LA carrera política de la ministra Báñez no está, precisamente, jalonada de frases acertadas, sino todo lo contrario. Parece que su especialidad está en hacer declaraciones impertinentes o inadecuadas. La primera, fue la súplica mariana como método de crear empleo, seguida de otras muchas sobre la reforma laboral para culminar con el eufemismo de la "movilidad exterior" para referirse a la pura y dura emigración de nuestros jóvenes y no tan jóvenes en busca de un trabajo, allá donde lo encuentren y en las condiciones en que lo encuentren. Lo grave de esta originalidad ministerial es que lejos de parecer un lapsus, o un error involuntario dicho precipitadamente, ha sido reiterada y repetida en sede parlamentaria más de una vez, con cierta altivez, coreada, e incluso mejorada, por sublimes manifestaciones de Esperanza Aguirre o líricas acotaciones de González Pons. En definitiva, nos vienen a decir, es una suerte y una señal de modernidad que os vayáis a trabajar al extranjero, porque ahora Europa somos todos y por tanto ya no existe emigración sino, si acaso, en algunas ocasiones un irrefrenable y juvenil espíritu aventurero.
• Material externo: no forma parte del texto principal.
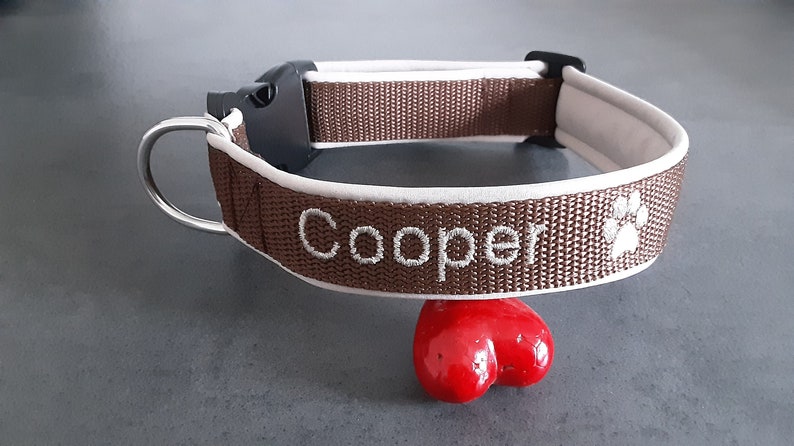 May include: Brown dog collar with white trim and the name "Cooper" embroidered in white. A paw print is also embroidered on the collar.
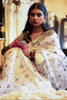 Woman in an hand embroidered organza silk saree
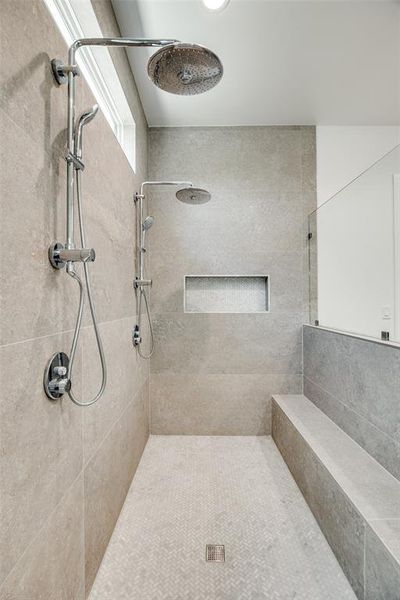 Bathroom featuring tiled shower Bathroom featuring tiled shower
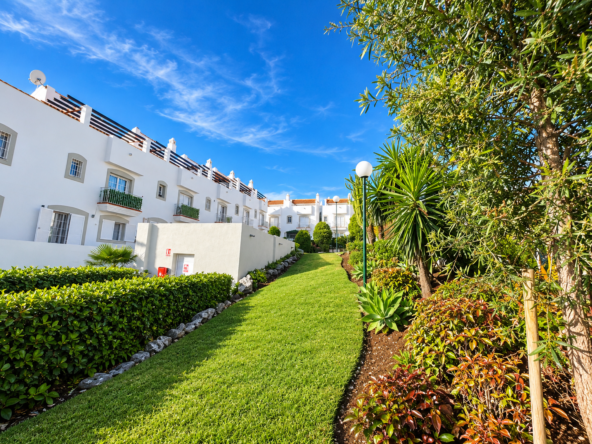 Jardín mediterráneo entre casas blancas
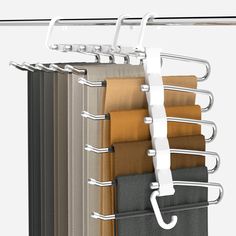 an over the door rack holds several folded fabrics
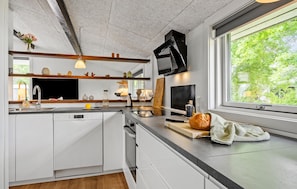 Eine moderne Küche mit weißen Schränken, einem Bosch Geschirrspüler, einer Holz Arbeitsplatte und einem großen Fenster mit Blick ins Grüne.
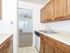 Model kitchen with tiled floors, wood cabinets and modern appliances at Woodland Plaza Apartments in Wyomissing, PA.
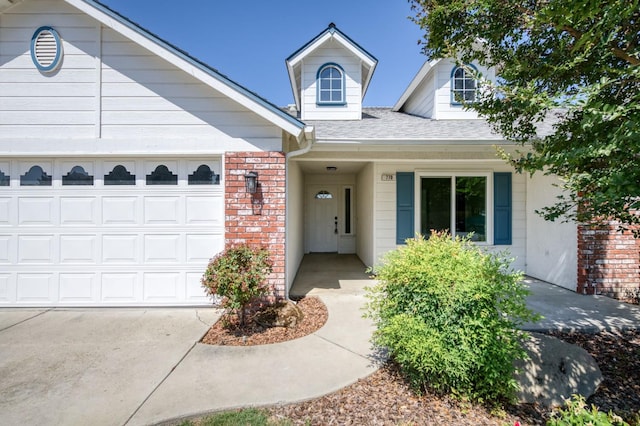 770 N Cherry Ln, Clovis, CA 93611 - view of front facade featuring a shingled roof, an attached garage, brick siding, and concrete driveway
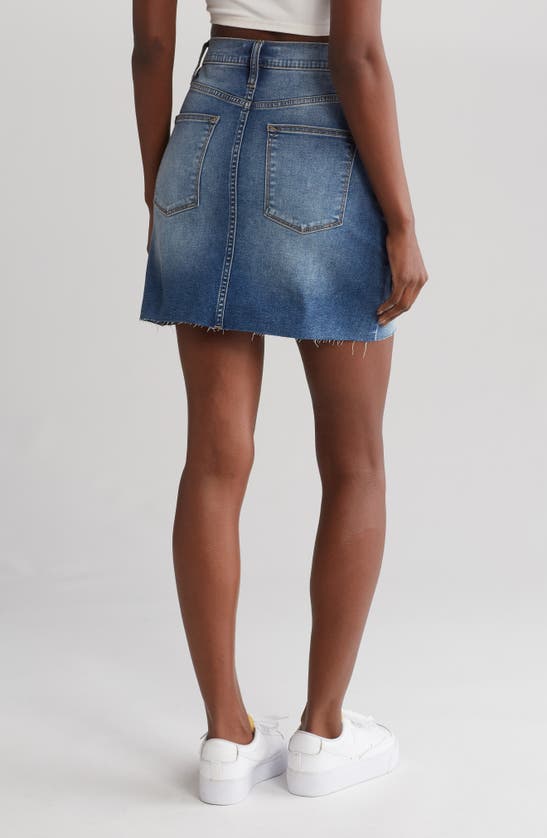 Shop Vigoss Raw Hem Denim Miniskirt In Medium Wash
Da la sensación de que ellos están contentos y satisfechos con esta situación. Ni les conmueve ni les preocupa el trauma que muchas veces significa esa movilidad exterior, la frustración que conlleva el no poder trabajar en tu propio país, la ruptura o separación de parejas, alejamiento de hijos, familiares y amigos, las limitaciones y dificultades idiomáticas con las que se encuentran y, en muchas ocasiones, todo ello para al final encontrar un subempleo con nulas perspectivas. Porque todo esto encierra esa genialidad del neolenguaje de la ministra Báñez que es su invento de movilidad exterior.

Se puede llegar a comprender que la pésima situación económica obliga a sacrificios, incluso algunos entenderán los recortes, e incluso podemos entrar en la discusión de si las actuales políticas de austeridad son necesarias y convenientes. Todo eso y más puede caber en el debate político y así hay que admitirlo democráticamente. Pero lo que hiere por injustificado e innecesario es esa crueldad gratuita de jugar con las palabras, como si detrás de ellas no hubiera realidades injustas y dolorosas. Es esta superficialidad y frivolidad con la que algunos tratan nuestra lamentable realidad la que es inadmisible, pues en definitiva es una tomadura de pelo que es una forma dolorosa de humillarnos innecesariamente.